Built in Gothic style in 1555, the Hofkirche (Court Church) serves as a memorial to Emperor Maximilian I, one of Austria's most famous Habsburgs. 

Taking more than 80 years to complete, the ornate white marble cenotaph is surrounded by 28 larger-than-life bronze statues of Maximilian's ancestors, relatives and heroes. The church also contains the tomb of Andreas Hofer, Tirol's national hero.

The Hofkirche is located in Innsbruck’s Old Town and is a few steps away from one of the city’s most recognisable landmarks, the Golden Roof, which was commissioned by Emperor Maximilian I to watch spectacles taking place in the city below.

7. Hofburg (Imperial Residence)

The Hofburg (Imperial Palace) in Innsbruck is one of Austria’s three most important historical buildings, after Schönbrunn Palace and the Hofburg in Vienna.

Following recent remodelling and renovation, the Hofburg now comprises five themed museum exhibitions, which illustrate aspects of the political and cultural history of the former imperial residence.

City Tower, Innsbruck, credit TVB Innsbruck.

Pictured: City Tower, Innsbruck. (Photo credit: TVB Innsbruck).
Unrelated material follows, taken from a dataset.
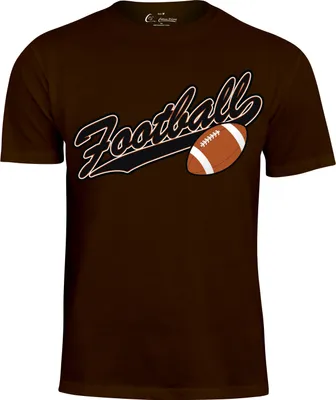 Produktbild von Cotton Prime® T-Shirt American Football XXL braun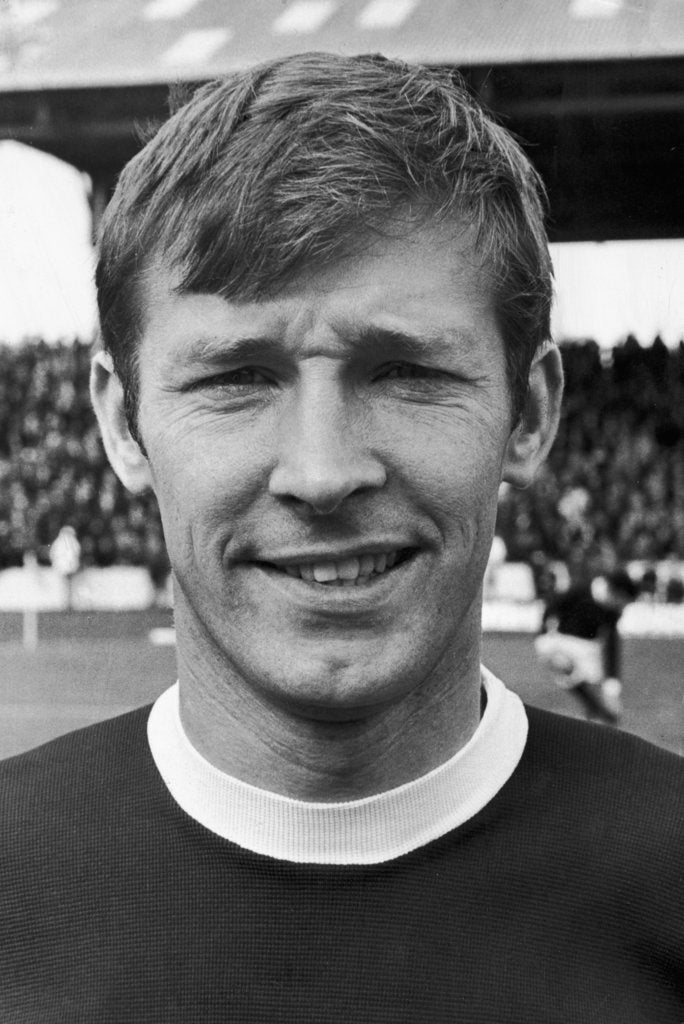 Detail of Alex Ferguson Falkirk FC 5th September 1970 by Anonymous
The rooms include the Maria Theresia Rooms in original 18th century style, the Empress Elisabeth Apartment replicated in 19th century style, as well as a small Furniture Museum, Ancestral Gallery and Painting Gallery.

8. Schloss Ambras (Castle Ambras)

Perched dramatically above Innsbruck, Ambras Castle was originally a fortress of the Counts of Andechs 1,000 years ago.

It was under the rule of Archduke Ferdinand II from 1564, that the castle was transformed into the palace of today. He commissioned the splendid Spanish Hall, one of the earliest examples of German Renaissance interiors.

Group visitors can explore the Lower Castle, containing arms and armour; the valuable art collection on the first floor; whilst in the Upper Castle paintings and sculptures can be viewed, as well as the bathroom of Philippine Welser, Ferdinand’s wife, one of the few private bathrooms to have survived from the 16th century. 

9. Silberbergwerk (Silver Mine)

In the Middle Ages, the town of Schwaz was the mining centre of Europe, providing more than 85 per cent of the world’s silver production.

With over 10,000 miners searching for silver and copper, Tirol became one of the richest states in Europe.

Discover the mountain from a new angle and delve 800-metres underground on an adventurous journey into the past and gain a fascinating insight into the heyday of silver mining.

10. Stadtturm Innsbruck (City Tower)                                  

Built between 1442 and 1450, Innsbruck’s City Tower is one of the city's most important historical landmarks, after the Golden Roof.

Climb the 148 spiral steps to the viewing platform and admire the magnificent 360-degree view of the historic rooftops, spires and surrounding mountains of the city.